- DATASET EXTRACT
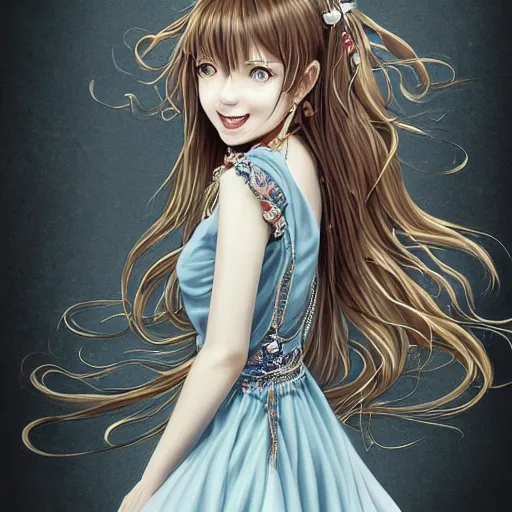 Prompt: a portrait of a cute woman with a big smile and long flowy hair, digital painting by ilya kuvshinov, wearing an ornate dress with lots of necklaces, by reiq, by takeshi obata, beautiful woman, hiromu arakawa, masashi kishimoto, 4 k wallpaper, masterpiece, gorgeous, stunning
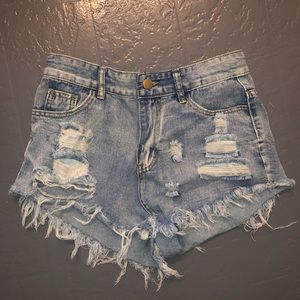 Distressed jean shorts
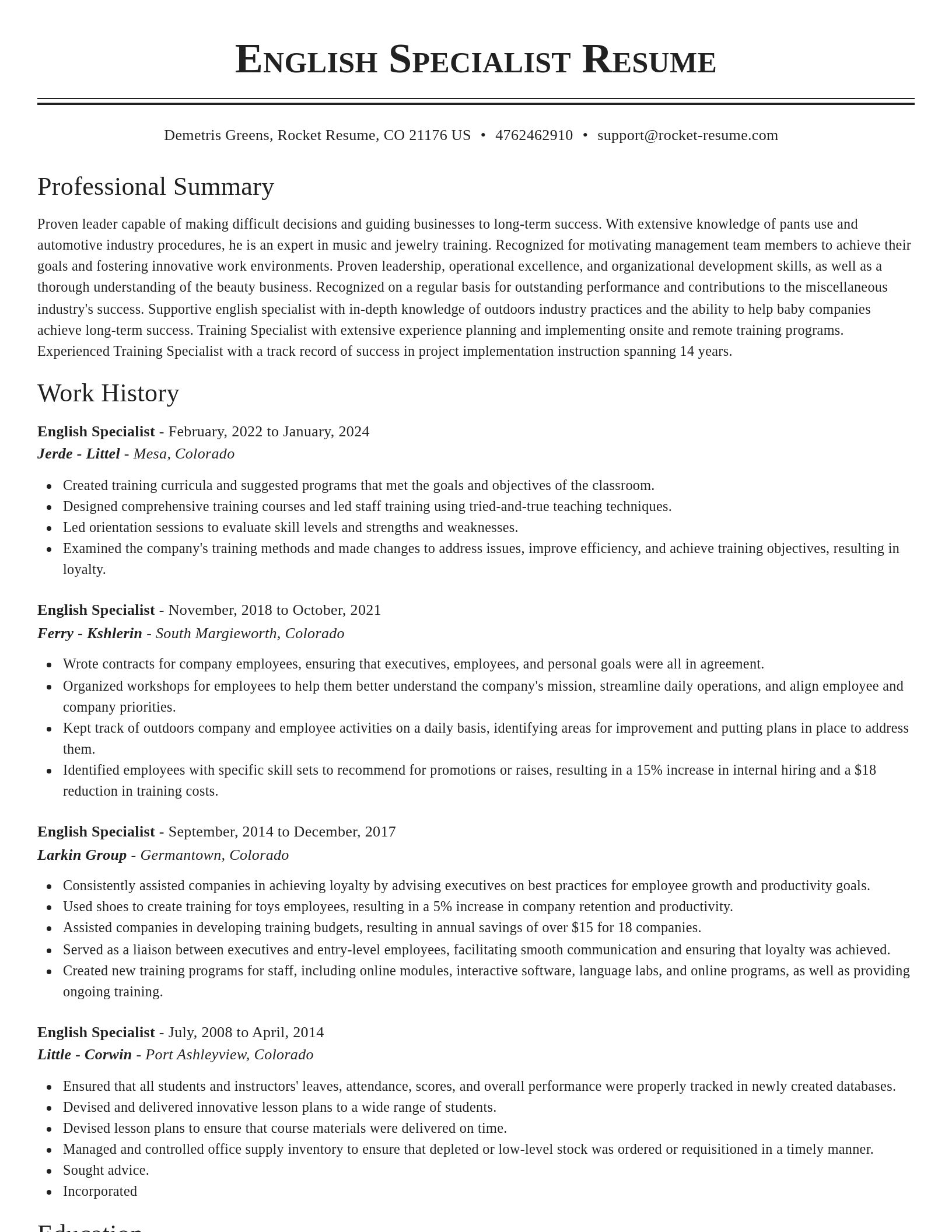 Classic resume template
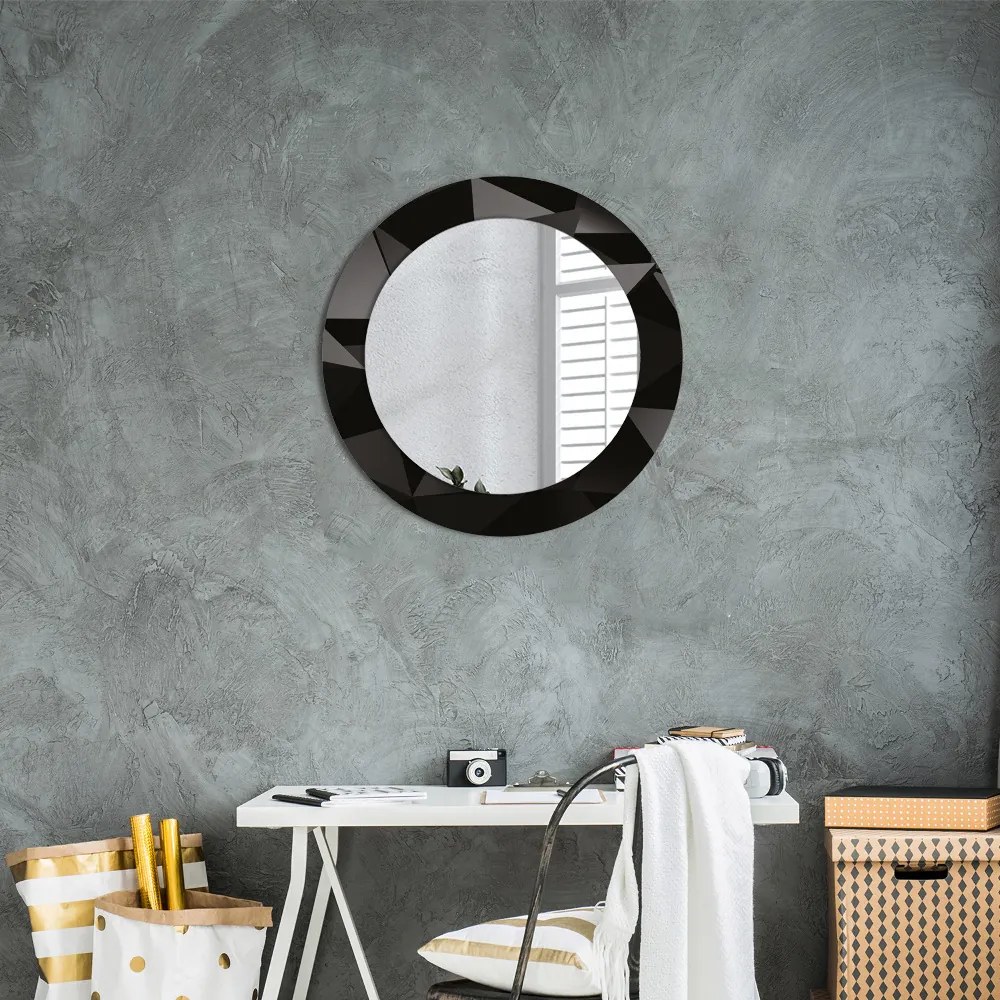 Okrúhle dekoračné zrkadlo s motívom Abstraktný čierny fi 60 cm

- WHAT YOU ARE ASKED TO DO
Exactly those lines that run from the line holding "Distressed jean shorts" to the end of the listing above, both included, are to be reproduced, with pictures left out.

- RESPONSE TO THE EXERCISE
 Distressed jean shorts
 Classic resume template
 Okrúhle dekoračné zrkadlo s motívom Abstraktný čierny fi 60 cm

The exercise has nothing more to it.